Would you write out the entries that follow word for word, omitting any images?

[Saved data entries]
=-=-=
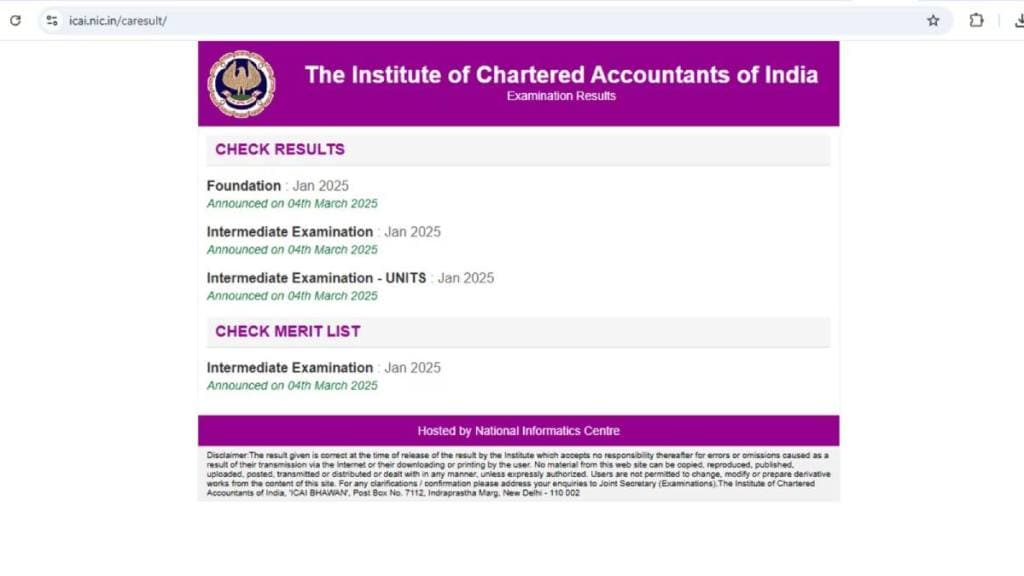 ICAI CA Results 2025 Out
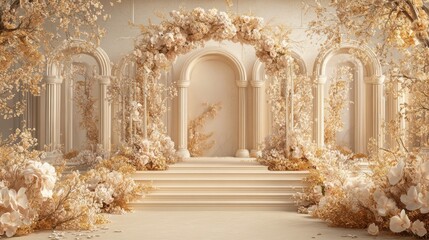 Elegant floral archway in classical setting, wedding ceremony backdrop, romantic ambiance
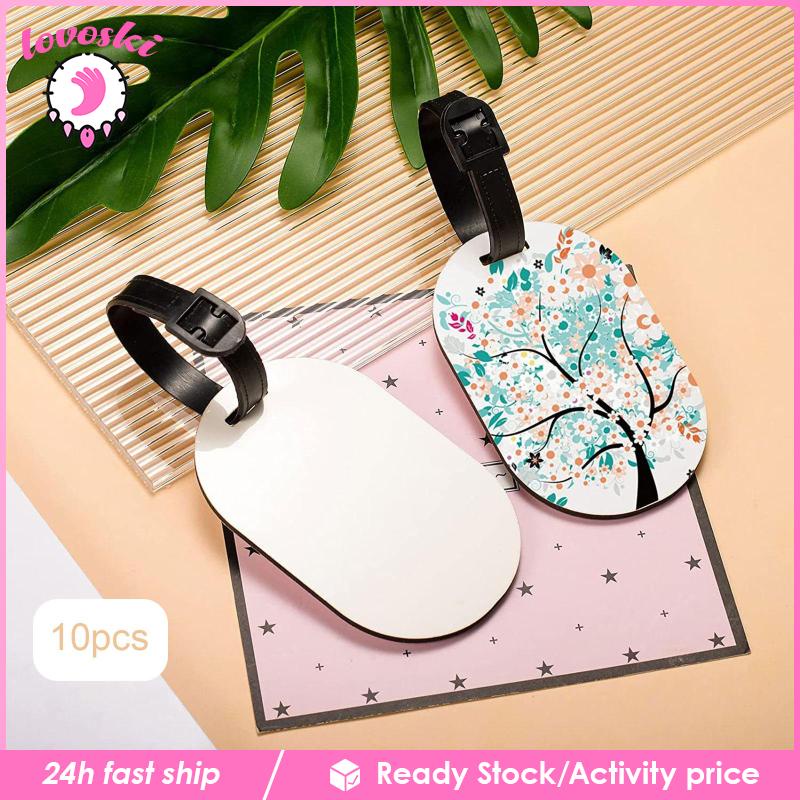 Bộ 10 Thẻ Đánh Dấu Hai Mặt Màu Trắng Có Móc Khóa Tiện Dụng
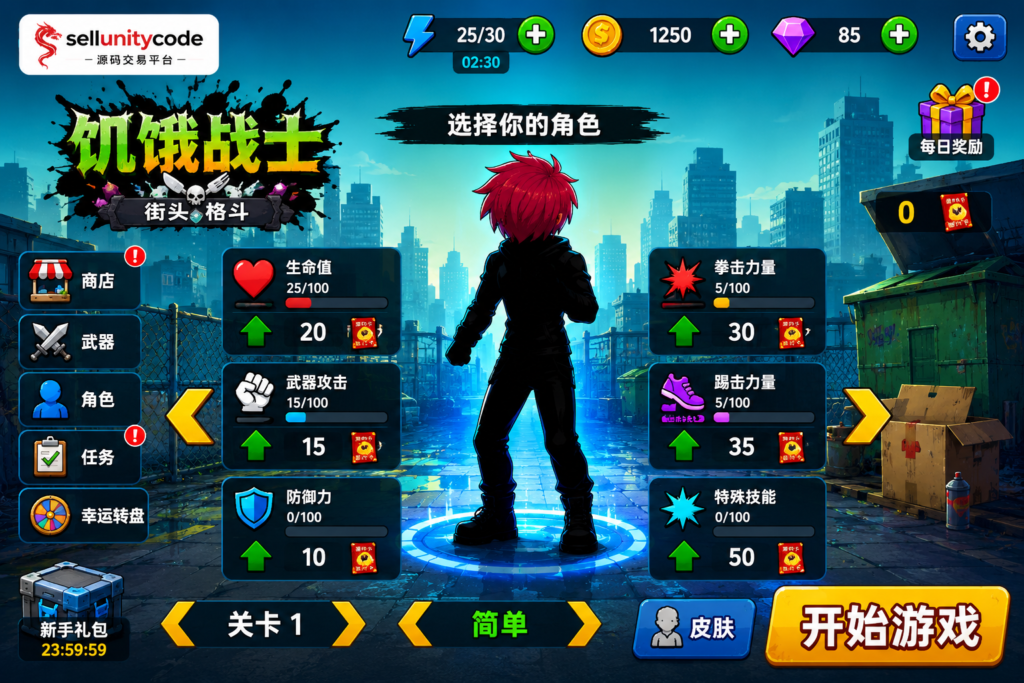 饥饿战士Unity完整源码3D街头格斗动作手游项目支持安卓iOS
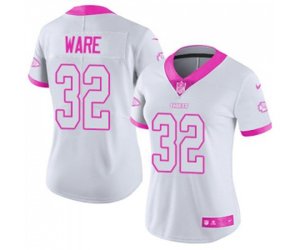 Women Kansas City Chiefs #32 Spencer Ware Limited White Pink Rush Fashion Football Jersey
=-=-=
◆ ANSWER SECTION
 ICAI CA Results 2025 Out
 Elegant floral archway in classical setting, wedding ceremony backdrop, romantic ambiance
 Bộ 10 Thẻ Đánh Dấu Hai Mặt Màu Trắng Có Móc Khóa Tiện Dụng
 饥饿战士Unity完整源码3D街头格斗动作手游项目支持安卓iOS
 Women Kansas City Chiefs #32 Spencer Ware Limited White Pink Rush Fashion Football Jersey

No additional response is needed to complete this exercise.